Description of the task:
Output the entries below word for word, stopping once the line containing "To have your" is done, and omit each picture.

Entries supplied:
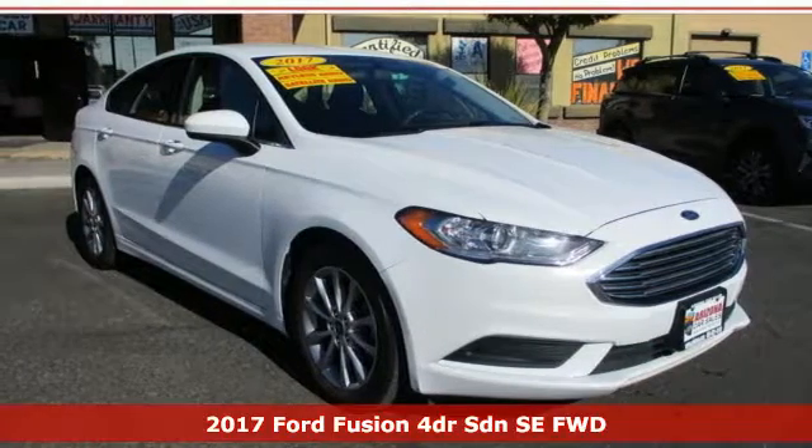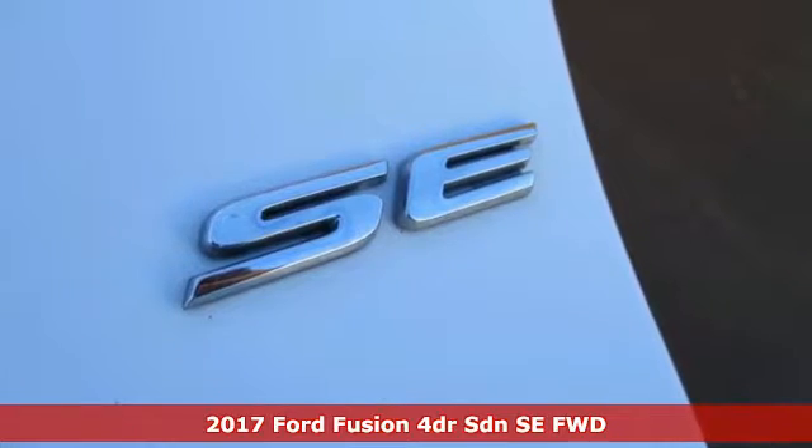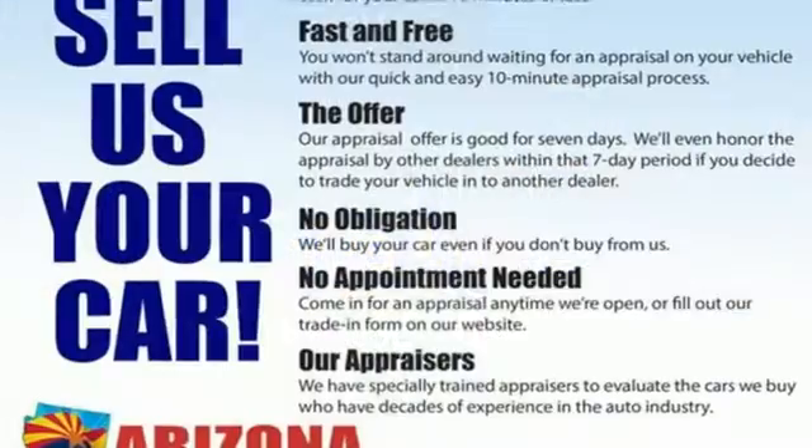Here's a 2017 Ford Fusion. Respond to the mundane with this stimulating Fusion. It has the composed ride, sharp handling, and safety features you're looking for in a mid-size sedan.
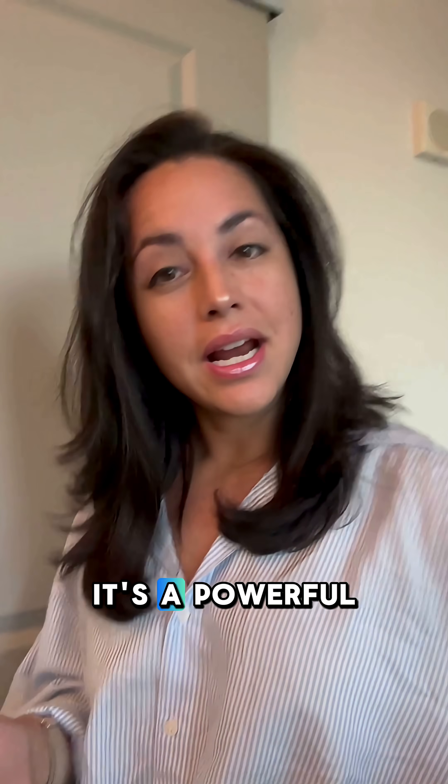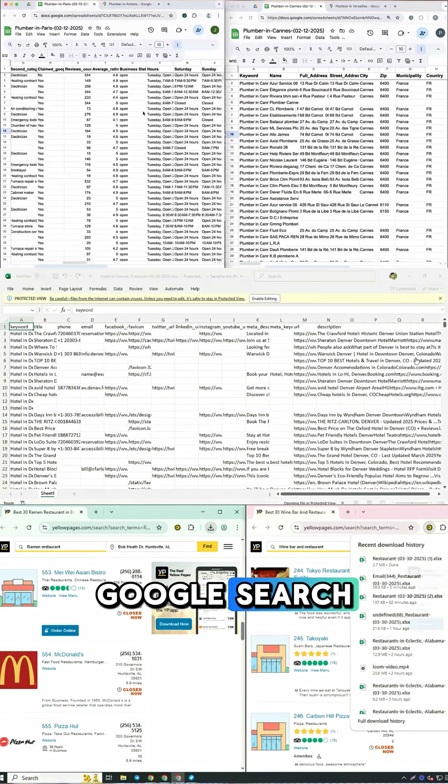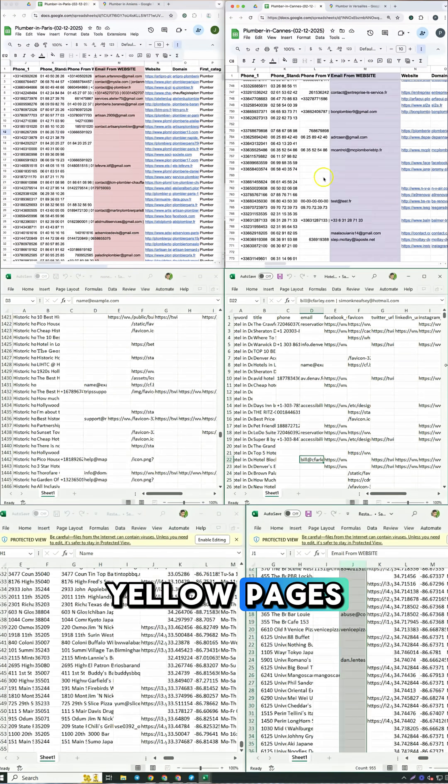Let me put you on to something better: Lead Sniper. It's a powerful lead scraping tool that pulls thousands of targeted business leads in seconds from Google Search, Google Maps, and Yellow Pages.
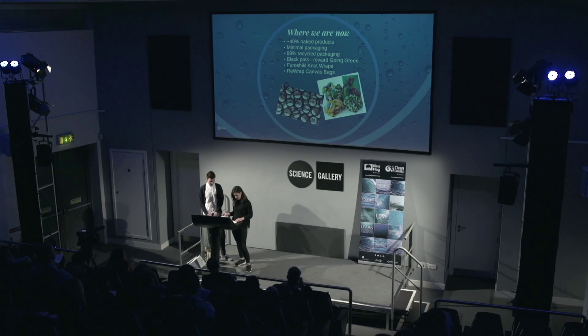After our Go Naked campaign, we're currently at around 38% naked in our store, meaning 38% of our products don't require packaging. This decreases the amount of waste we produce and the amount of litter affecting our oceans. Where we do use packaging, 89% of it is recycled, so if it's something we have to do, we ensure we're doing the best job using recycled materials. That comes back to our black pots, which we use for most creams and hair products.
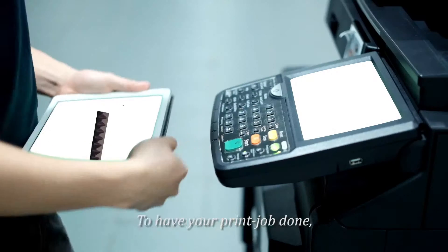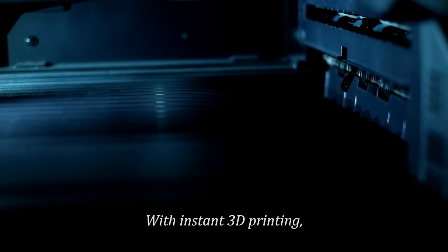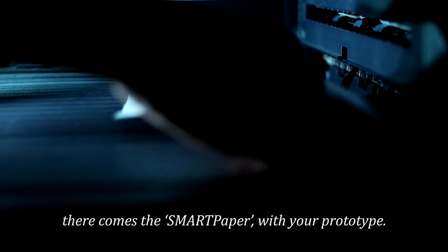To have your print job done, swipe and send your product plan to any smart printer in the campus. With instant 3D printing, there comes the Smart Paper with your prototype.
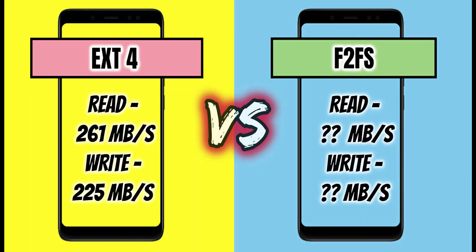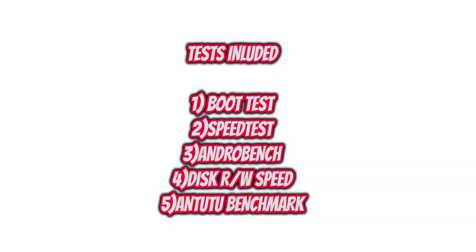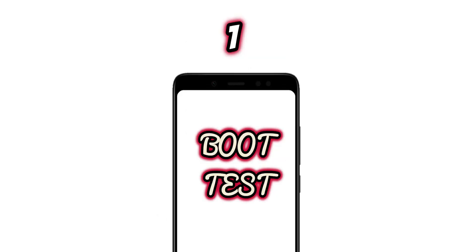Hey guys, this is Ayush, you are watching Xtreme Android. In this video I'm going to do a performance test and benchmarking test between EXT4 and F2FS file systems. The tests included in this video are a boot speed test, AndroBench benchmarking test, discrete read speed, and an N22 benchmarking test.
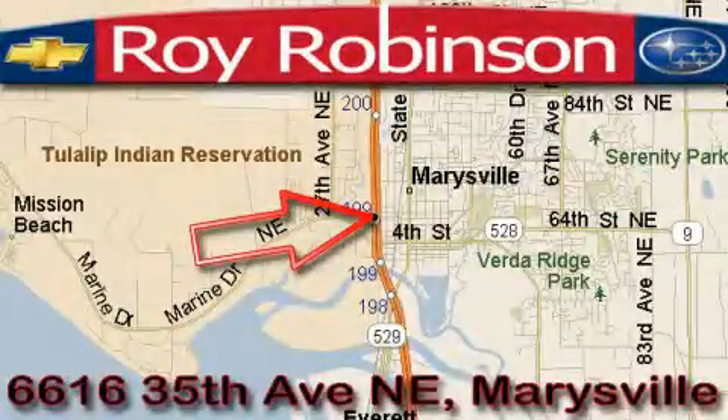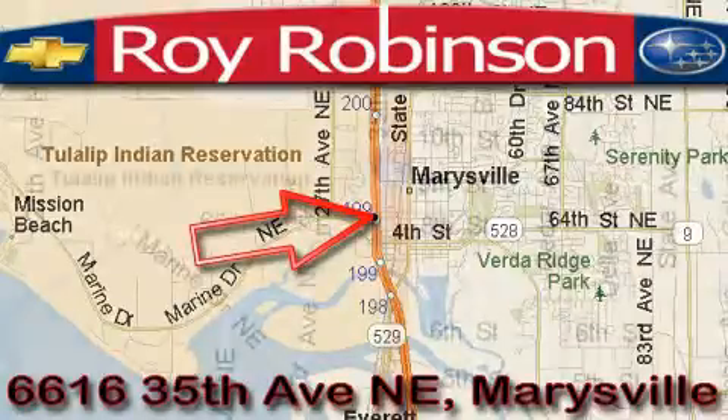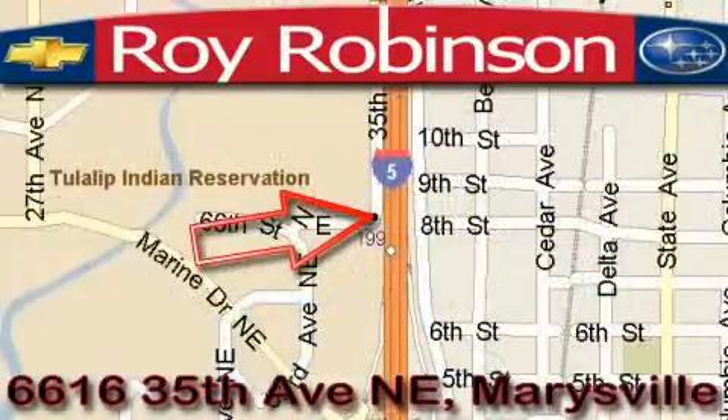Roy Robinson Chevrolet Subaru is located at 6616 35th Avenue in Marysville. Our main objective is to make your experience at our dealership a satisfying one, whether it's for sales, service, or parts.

Exercise response:
Here's a 2017 Ford Fusion. Respond to the mundane with this stimulating Fusion. It has the composed ride, sharp handling, and safety features you're looking for in a mid-size sedan.
Let me put you on to something better: Lead Sniper. It's a powerful lead scraping tool that pulls thousands of targeted business leads in seconds from Google Search, Google Maps, and Yellow Pages.
After our Go Naked campaign, we're currently at around 38% naked in our store, meaning 38% of our products don't require packaging. This decreases the amount of waste we produce and the amount of litter affecting our oceans. Where we do use packaging, 89% of it is recycled, so if it's something we have to do, we ensure we're doing the best job using recycled materials. That comes back to our black pots, which we use for most creams and hair products.
To have your print job done, swipe and send your product plan to any smart printer in the campus. With instant 3D printing, there comes the Smart Paper with your prototype.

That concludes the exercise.